There's "flat down" and "flat up" as well, whatever they're supposed to mean.

> I doubt I'd have the Z-type eighth rest encoded separately from the 7-type > one, however. The printed Cyrillic lowercase T and the written one (which > resembles a small Latin 'm') aren't, and shouldn't be.

I'm sure we wouldn't have done it this way.

>>It's odd how priorities are assigned. Recycling symbols for 7 different
>>kinds of plastics have a nice spot in the Miscellaneous Symbols block,
>>but when are those ever used in actual text? Yet the double sharp and
>>double flat symbols are off in the Musical Symbols block in Plane 1,
>>which is unusable in most older software, even though these would be
>>very useful to have in text (so much so that "x" and "bb" are used as
>>substitutes for these unavailable characters). If the plastics industry
>>can have their technical symbols added to the character list, it seems
>>that there ought to be a place for Sagittal and any other notations with
>>an established history of usage.
> > For what it's worth, Plane 1 symbols can be viewed in Internet Explorer 7. I > wish I knew if Firefox could.

It can.

http://www.i18nguy.com/unicode/unicode-example-intro.html

Internet Explorer 5 works if you encode them the right way. Of course, whatever the browser, you won't see anything if you don't have the right fonts.

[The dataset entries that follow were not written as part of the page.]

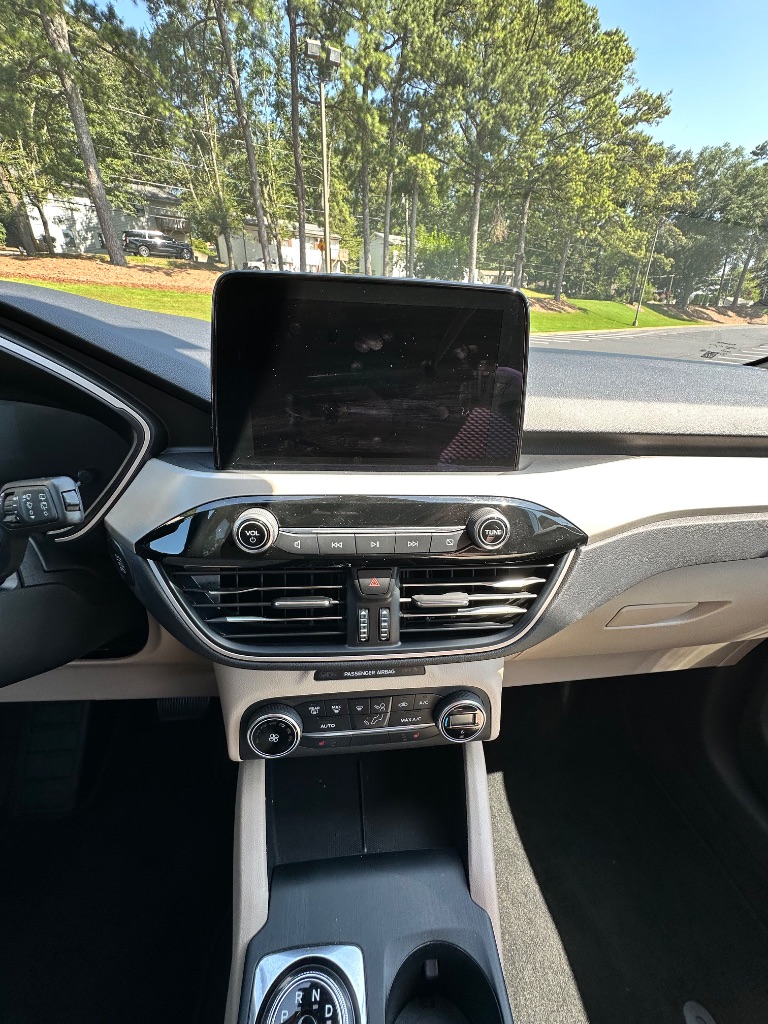 2020 Ford Escape - $10,300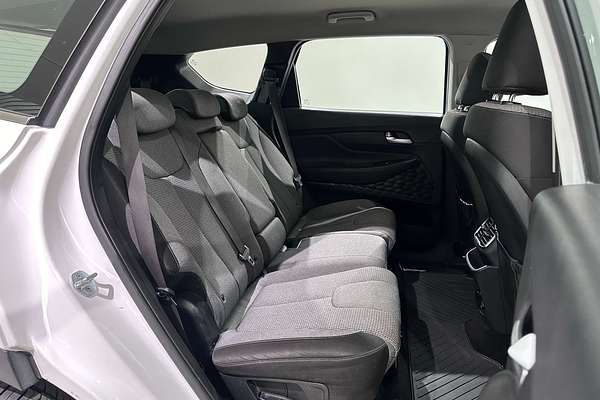 2020 Hyundai Santa Fe Active TM.2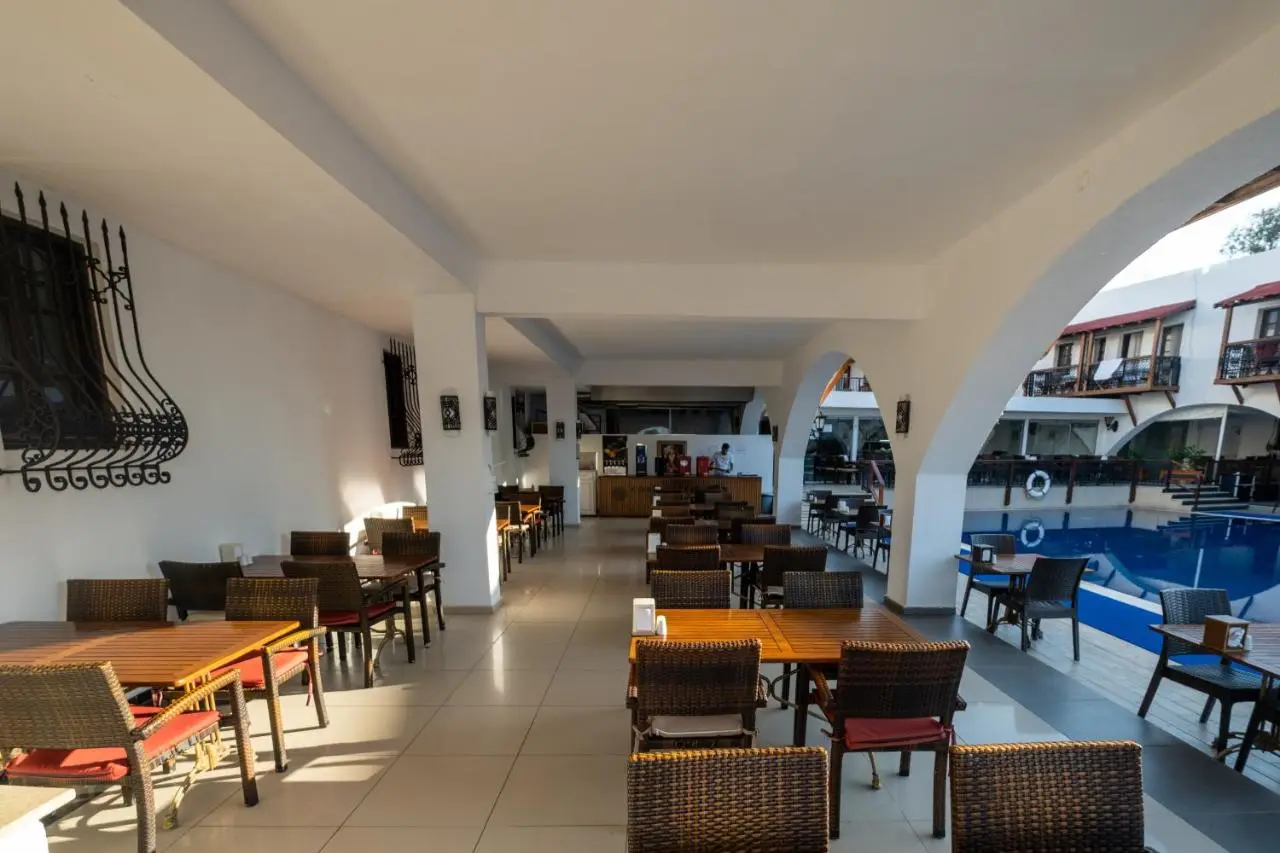 Costa Bitezhan Beach Hotel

> But I am thinking. If all else fails, what about encoding Sagittal in the > ConScript Unicode Registry, or is it not for that purpose?

http://www.evertype.com/standards/csur/

Looks like a perfect fit for Sagittal! I see Herman Miller's got a load of them as well.

Graham

🔗Herman Miller <hmiller@IO.COM>

4/1/2007 8:55:57 PM

Danny Wier wrote:

> For what it's worth, Plane 1 symbols can be viewed in Internet Explorer 7. I > wish I knew if Firefox could.
> > But I am thinking. If all else fails, what about encoding Sagittal in the > ConScript Unicode Registry, or is it not for that purpose?

The Gothic Wikipedia page (http://got.wikipedia.org/) is a good test for Plane 1 support (you'll need to install a Gothic font, but the page has links to fonts). It works in the latest version of Firefox under Windows XP (more or less).

I don't know if the ConScript Unicode Registry is still being maintained, but the range of Unicode characters it uses is in the Private Use Area, and there's no reason we couldn't come up with our own standards for assigning Private Use characters for microtonal notation symbols (including historical ones).